Collected data:
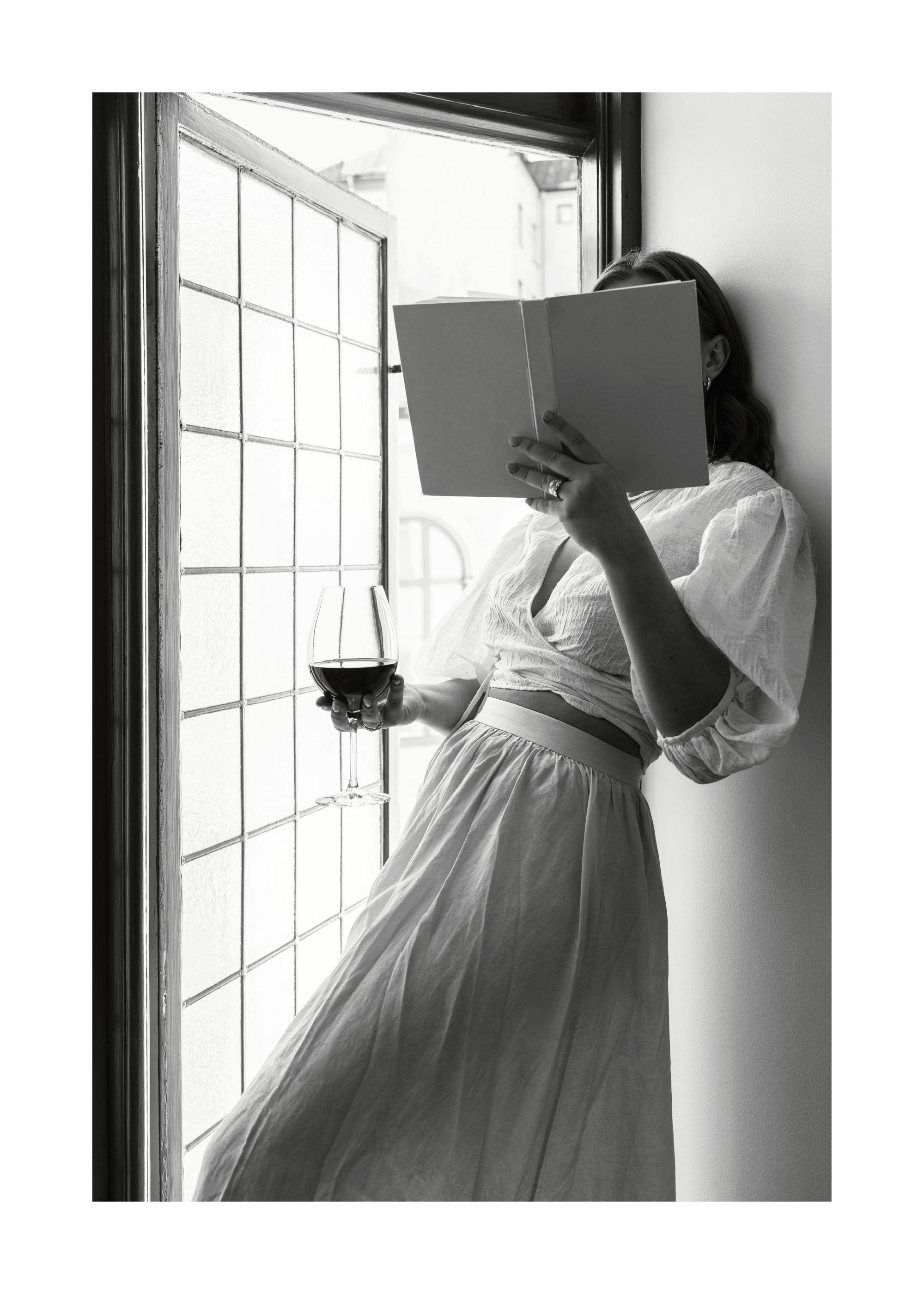 Poster noir et blanc dune personne lisant un livre, un verre de vin à la main, près dune fenêtre à petits carreaux.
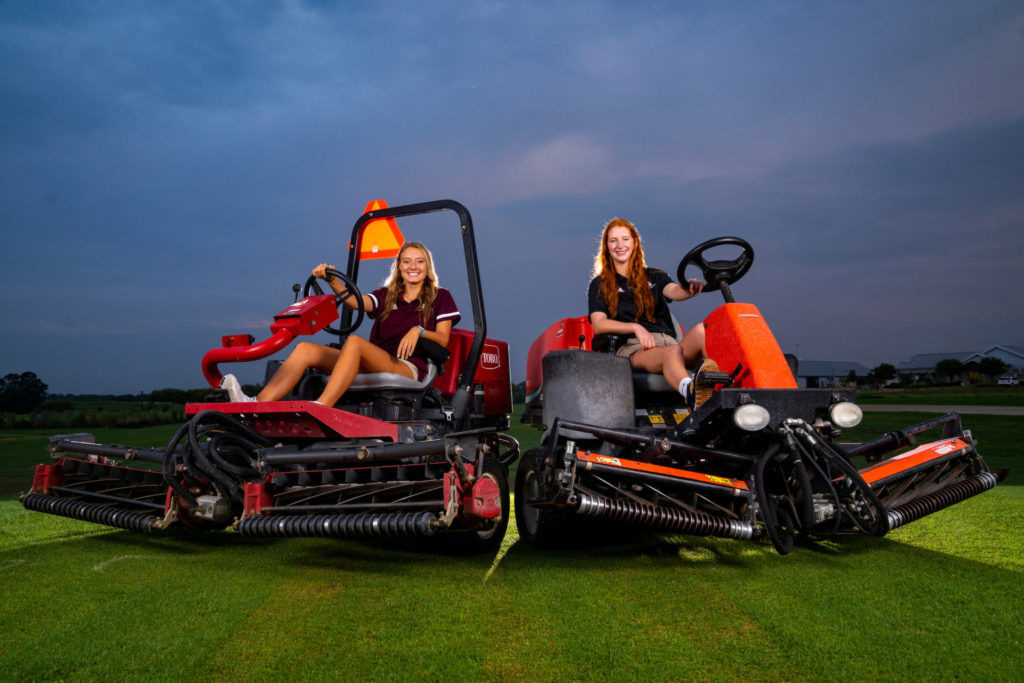 Two female students who were able to join a Little League grounds crew sit on large lawn mowers on a turf field in the early morning hours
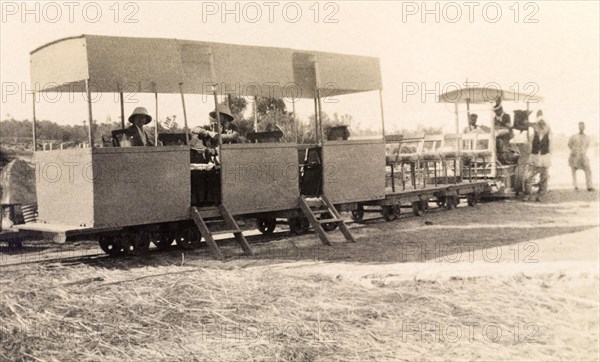 Sukkur light railway train. Two European men sit inside a stationary light railway carriage bound for the construction site of the Sukkur Barrage, an irrigation system stretching over the Indus River. Sukkur, India (Pakistan), 1926. Sukkur, Sindh, Pakistan, Southern Asia, Asia.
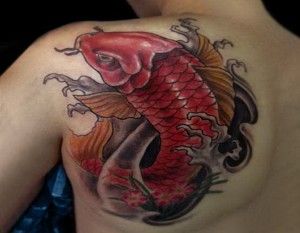 Red koi fish tattoo on arm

Exercise brief: Output exactly, and with no pictures, the lines from the line that holds "Two female students" through the last line of the listing above.

Solution to the problem:
 Two female students who were able to join a Little League grounds crew sit on large lawn mowers on a turf field in the early morning hours
 Sukkur light railway train. Two European men sit inside a stationary light railway carriage bound for the construction site of the Sukkur Barrage, an irrigation system stretching over the Indus River. Sukkur, India (Pakistan), 1926. Sukkur, Sindh, Pakistan, Southern Asia, Asia.
 Red koi fish tattoo on arm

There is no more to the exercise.